The celebrated novelist, poet and screenwriter Sherman Alexie grew up on the Spokane Indian Reservation, a son of the Spokane and Couer d’Alene tribes.

He made it through a rough childhood and stepped out early, with trademark bravado, in his first collection of stories “The Lone Ranger and Tonto Fistfight in Heaven.” He wrote “Ten Little Indians,” the screenplay for “Smoke Signals” and a whole lot more.

Now he’s sending a troubled young half-Indian on a time-traveling American pilgrimage through Little Big Horn and Wounded Knee and future terrors, too.

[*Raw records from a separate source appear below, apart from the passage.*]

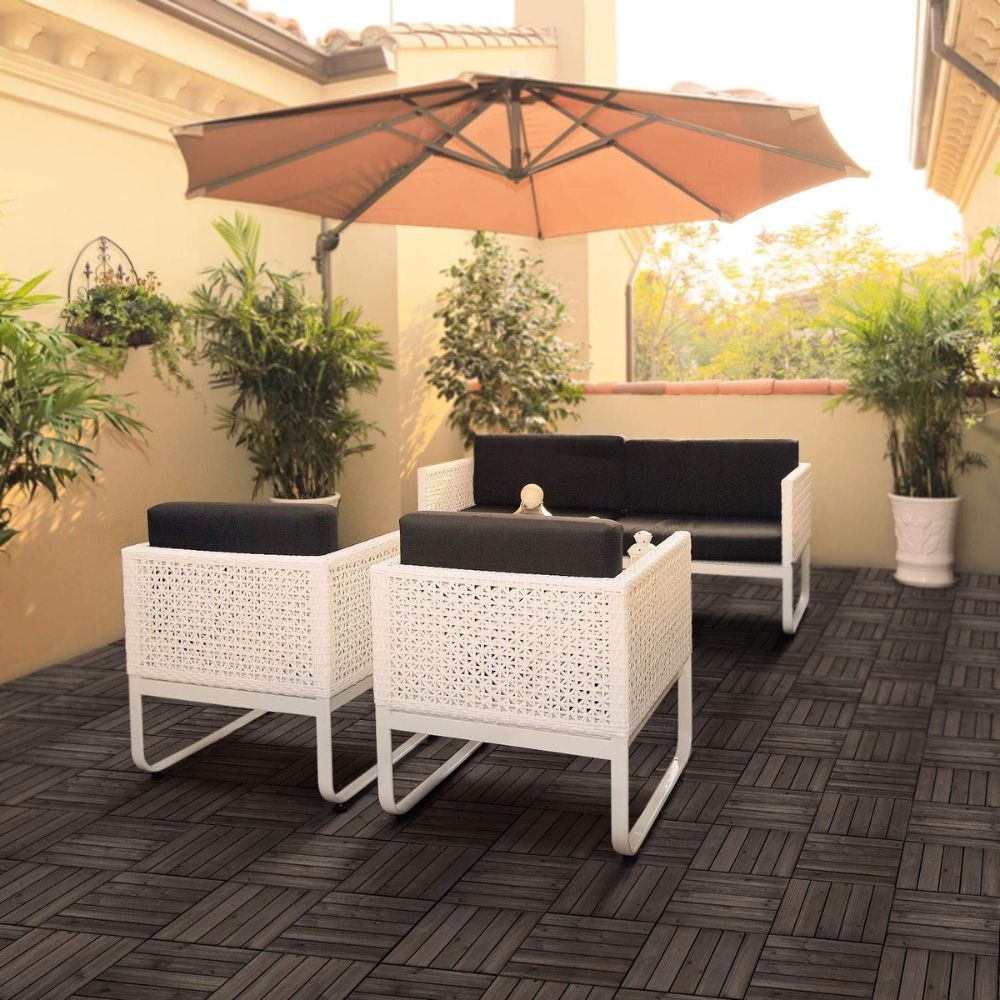 Interlocking Outdoor Patio Wood Flooring Deck Tiles 27Pcs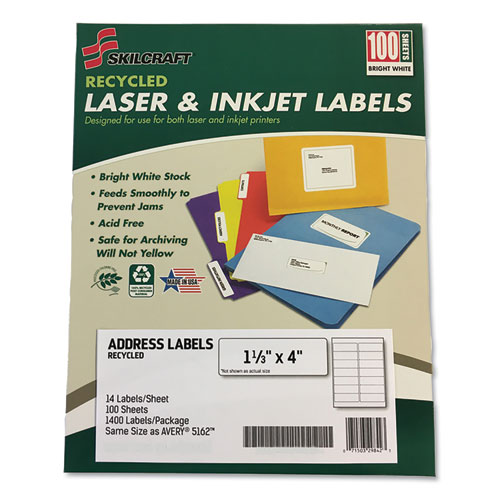 7530016736513%2C+SKILCRAFT+Recycled+Laser+and+Inkjet+Labels%2C+Inkjet%2FLaser+Printers%2C+1.33+x+4%2C+White%2C+14%2FSheet%2C+100+Sheets%2FBox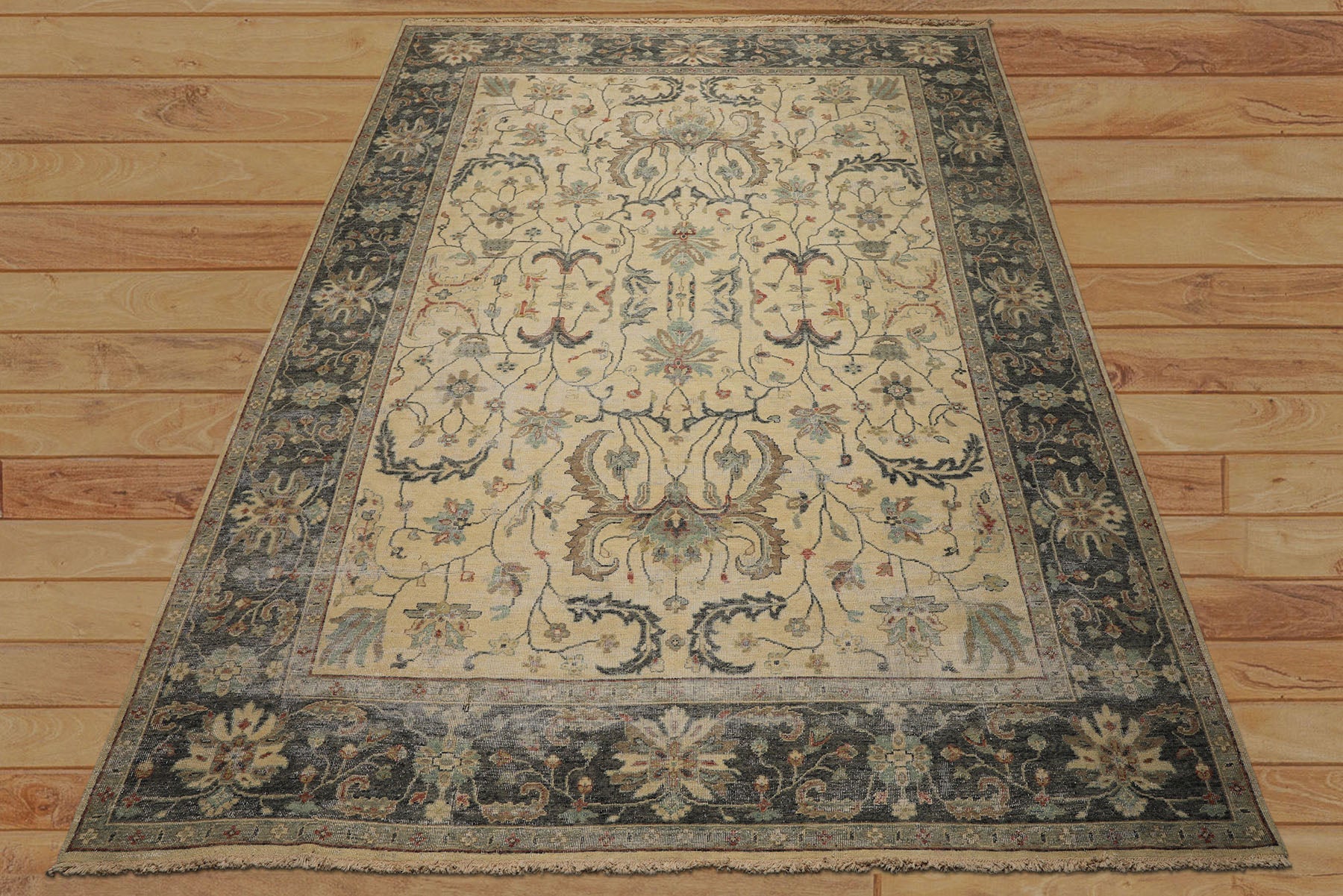 9x12 Beige, Gray, Aqua Color Hand Knotted  Wool Transitional Oriental Rug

This hour On Point: Sherman Alexie on his new novel, “Flight.”


Quotes from the Show:

“If anything, the book is critical of men, and masculinity in general, not just Indian men.” Alexie

“Native Americans and other minorities have affected the American culture as much as it has affected us. The assimilative process is a very complex one.” Sherman Alexie

“Human beings don’t go to war because we have to but because we want to.” Sherman Alexie

“I get a little worried when people place Native Americans on a higher plane.” Sherman Alexie

“I am anti-Iraq war but I wouldn’t have been anti-World War II.” Sherman Alexie

Guests:

Sherman Alexie, novelist, screenwriter, poet, and sometimes comedian. His new book, his 18th, is “Flight.”